** WHAT IS EXPECTED **
Which lines below contain "Links"? Pull them out.

*** MATERIAL SHOWN ***

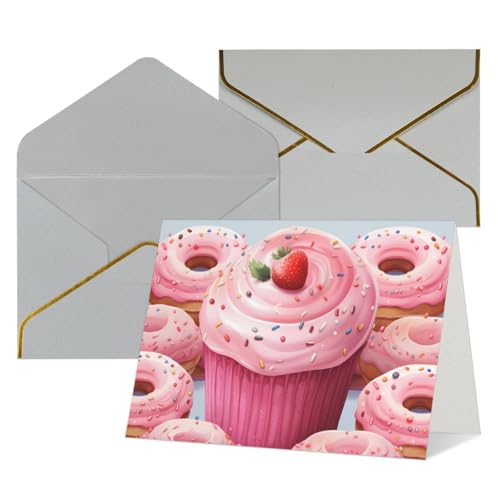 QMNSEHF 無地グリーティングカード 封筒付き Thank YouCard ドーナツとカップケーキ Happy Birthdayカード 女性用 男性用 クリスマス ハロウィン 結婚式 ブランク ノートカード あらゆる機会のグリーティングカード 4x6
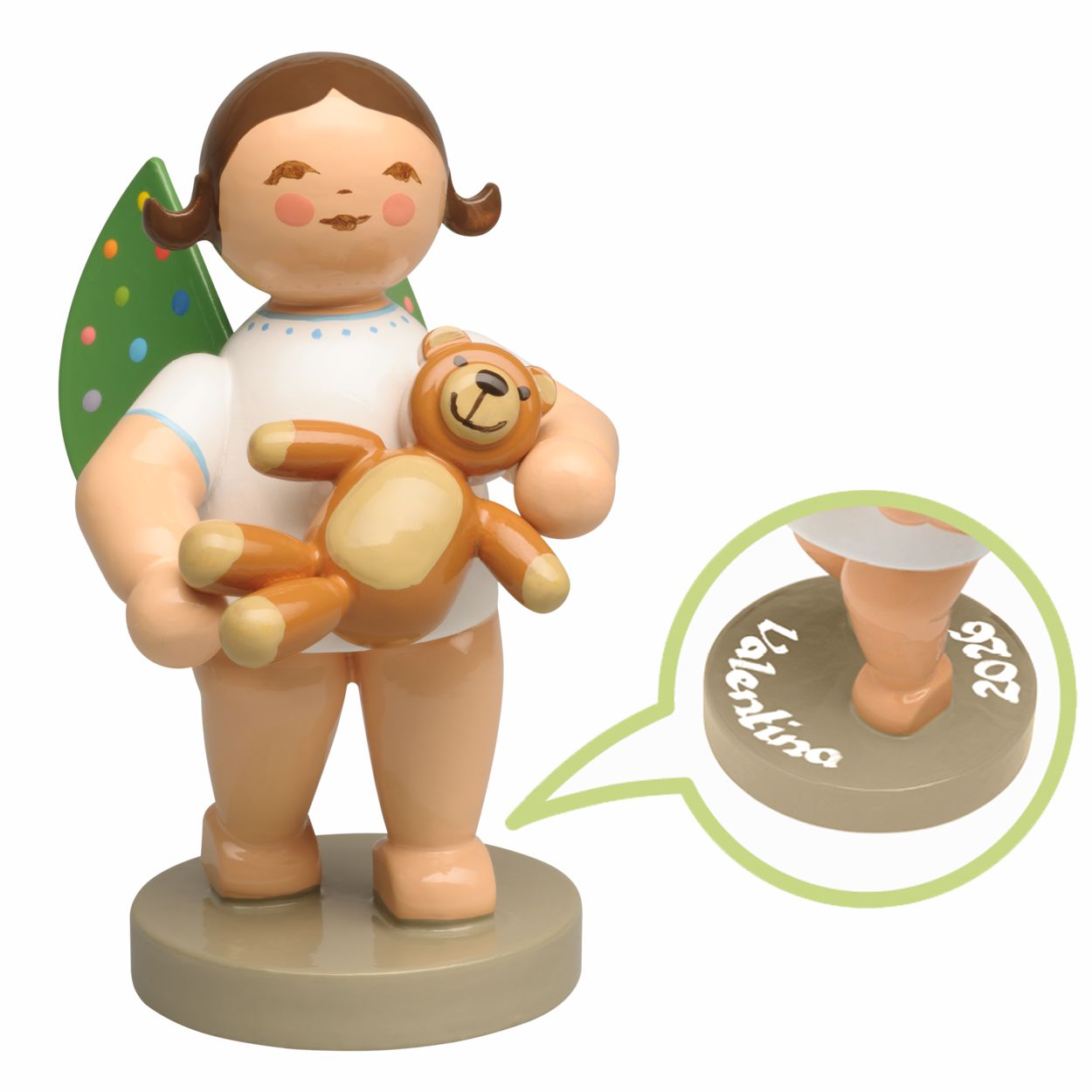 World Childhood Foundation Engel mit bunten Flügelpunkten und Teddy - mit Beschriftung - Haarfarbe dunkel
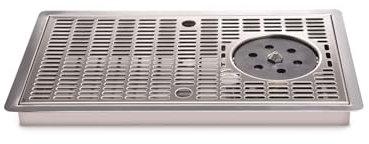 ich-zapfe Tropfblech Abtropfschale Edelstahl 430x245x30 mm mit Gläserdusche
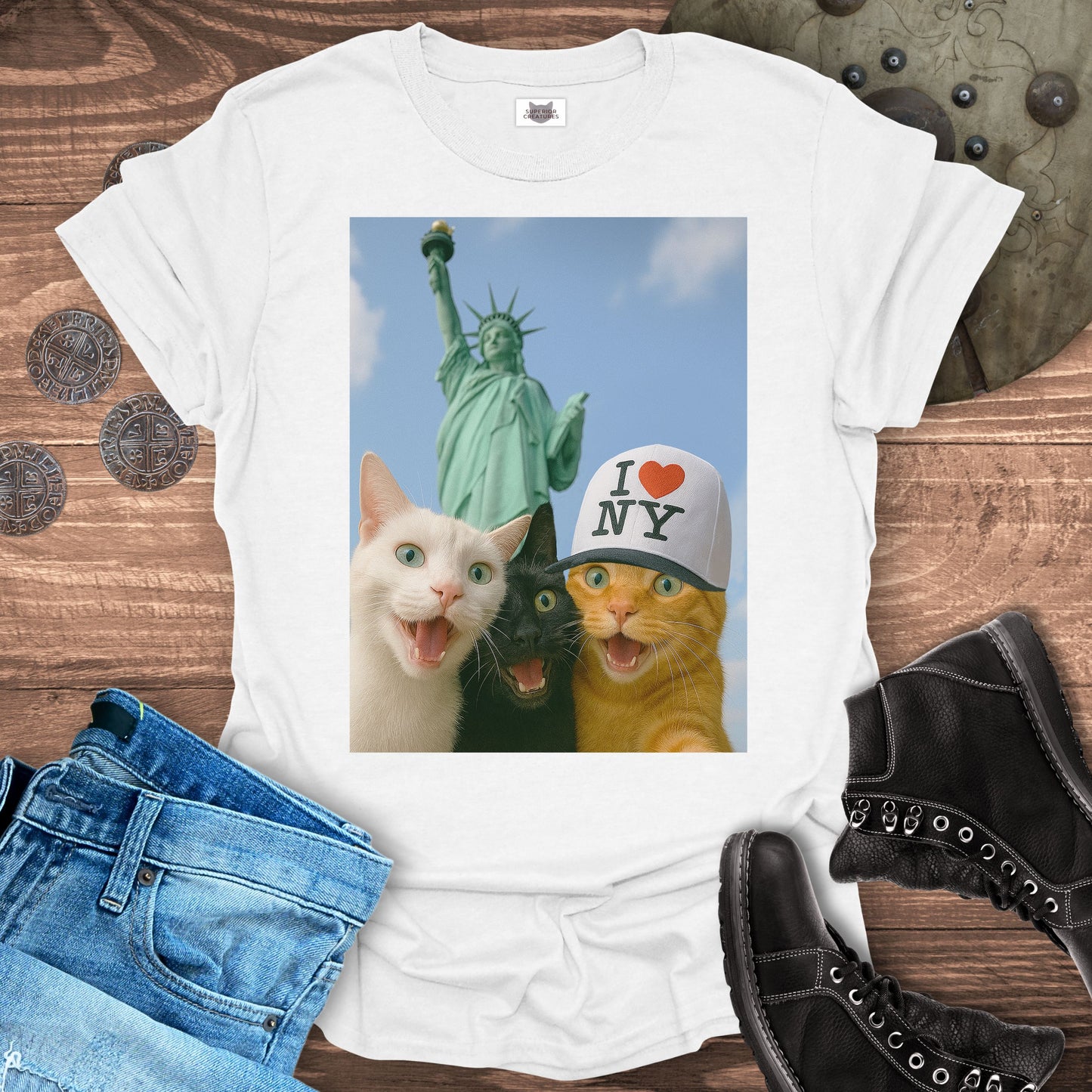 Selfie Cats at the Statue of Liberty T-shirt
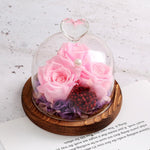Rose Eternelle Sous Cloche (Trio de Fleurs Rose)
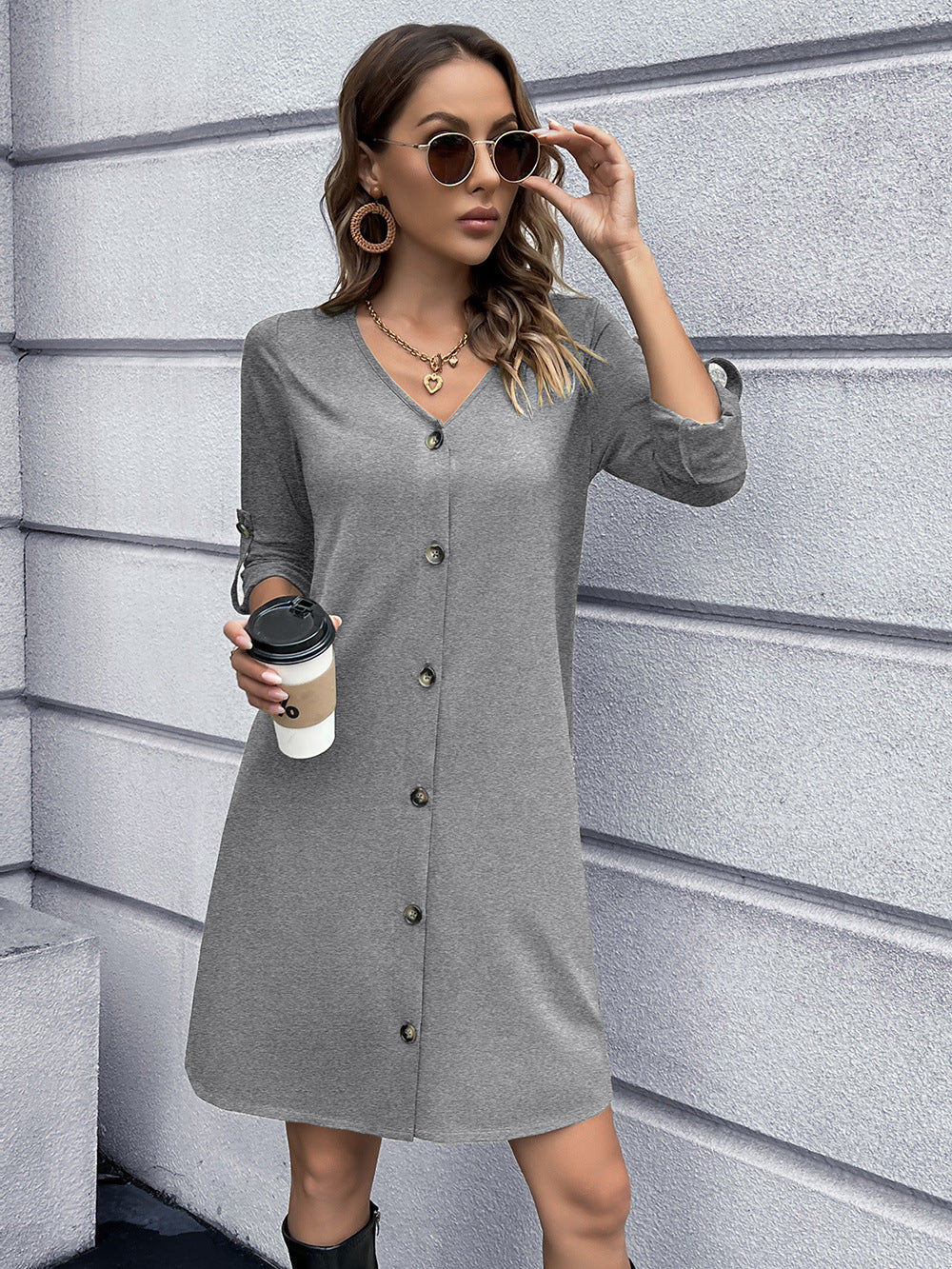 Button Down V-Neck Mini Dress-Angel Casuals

*** End of MATERIAL SHOWN ***
*** MATERIAL SHOWN ***

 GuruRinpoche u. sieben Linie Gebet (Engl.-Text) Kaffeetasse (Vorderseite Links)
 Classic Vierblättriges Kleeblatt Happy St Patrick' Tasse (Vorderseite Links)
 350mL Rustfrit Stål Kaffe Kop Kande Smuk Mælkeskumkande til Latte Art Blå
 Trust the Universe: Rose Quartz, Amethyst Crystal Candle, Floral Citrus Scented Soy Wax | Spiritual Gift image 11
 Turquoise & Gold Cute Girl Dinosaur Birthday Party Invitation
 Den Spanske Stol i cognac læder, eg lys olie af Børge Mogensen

*** End of MATERIAL SHOWN ***
*** MATERIAL SHOWN ***

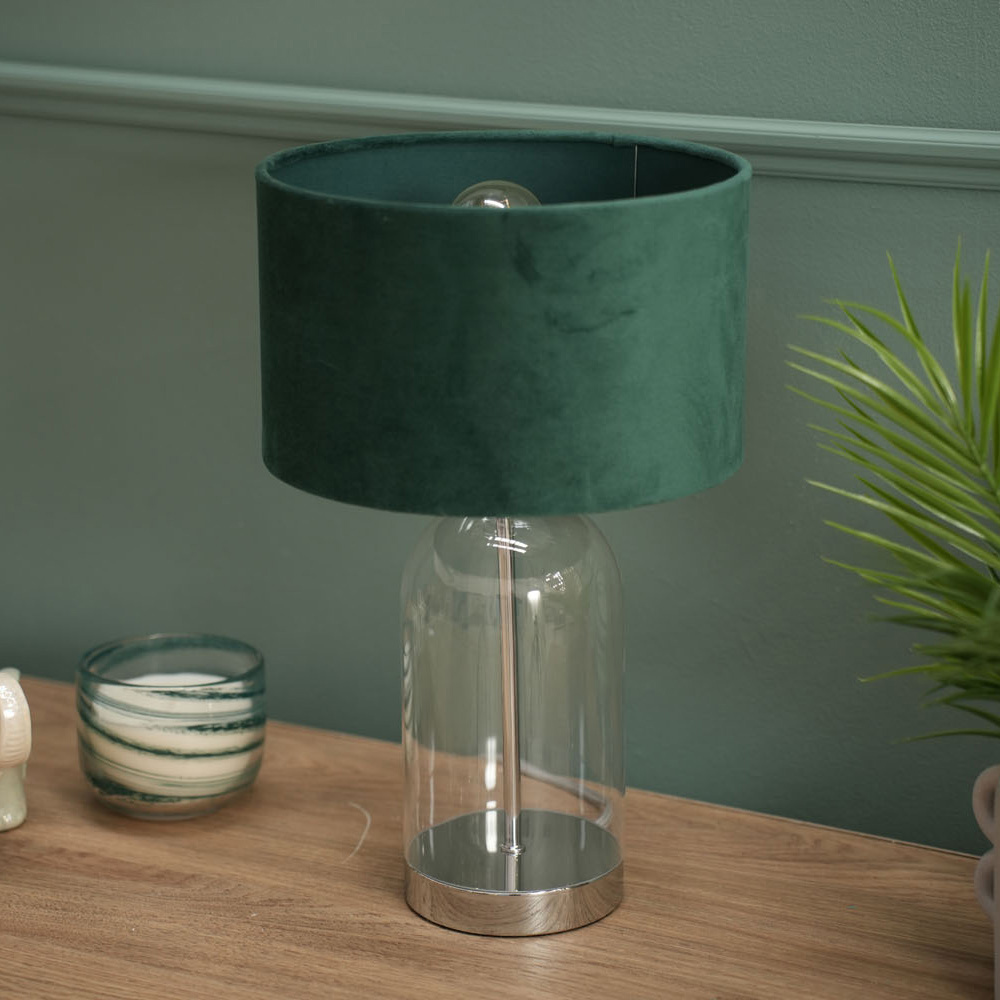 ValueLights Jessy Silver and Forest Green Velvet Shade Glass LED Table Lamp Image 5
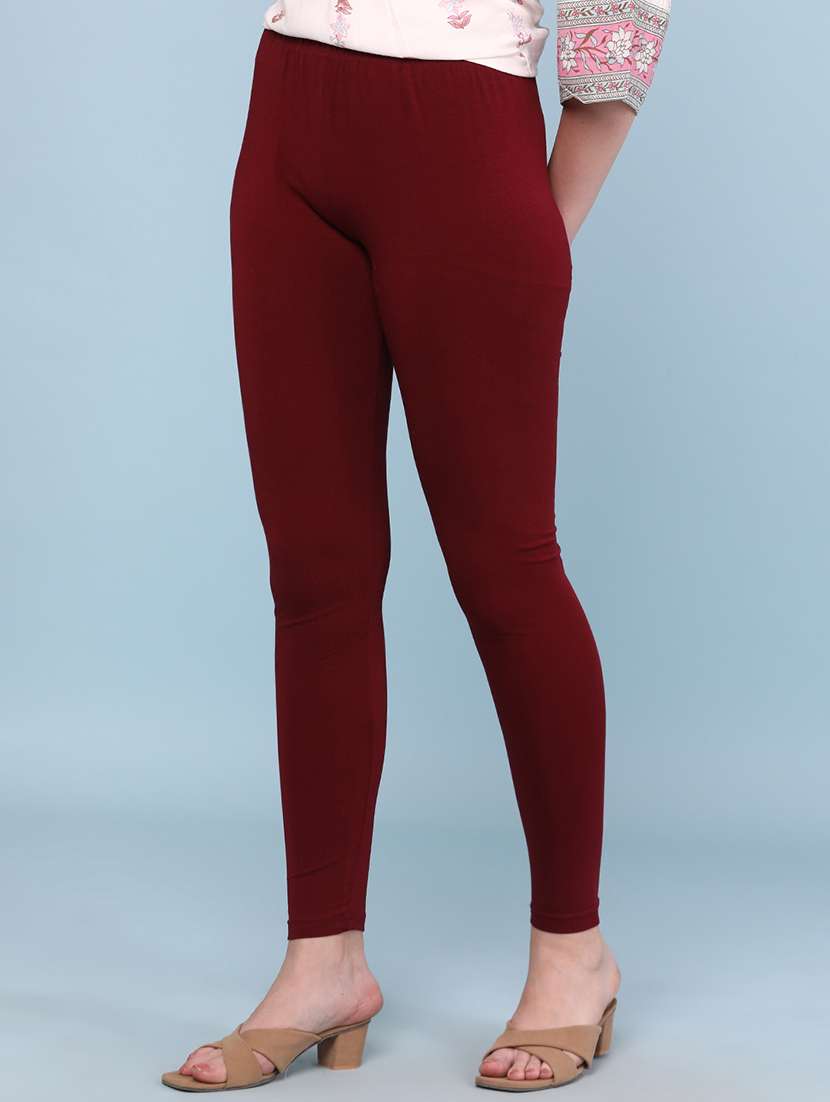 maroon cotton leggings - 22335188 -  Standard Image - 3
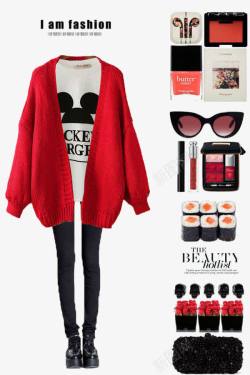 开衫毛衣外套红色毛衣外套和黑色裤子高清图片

*** End of MATERIAL SHOWN ***

** WRITTEN RESPONSE **
 GuruRinpoche u. sieben Linie Gebet (Engl.-Text) Kaffeetasse (Vorderseite Links)
 Classic Vierblättriges Kleeblatt Happy St Patrick' Tasse (Vorderseite Links)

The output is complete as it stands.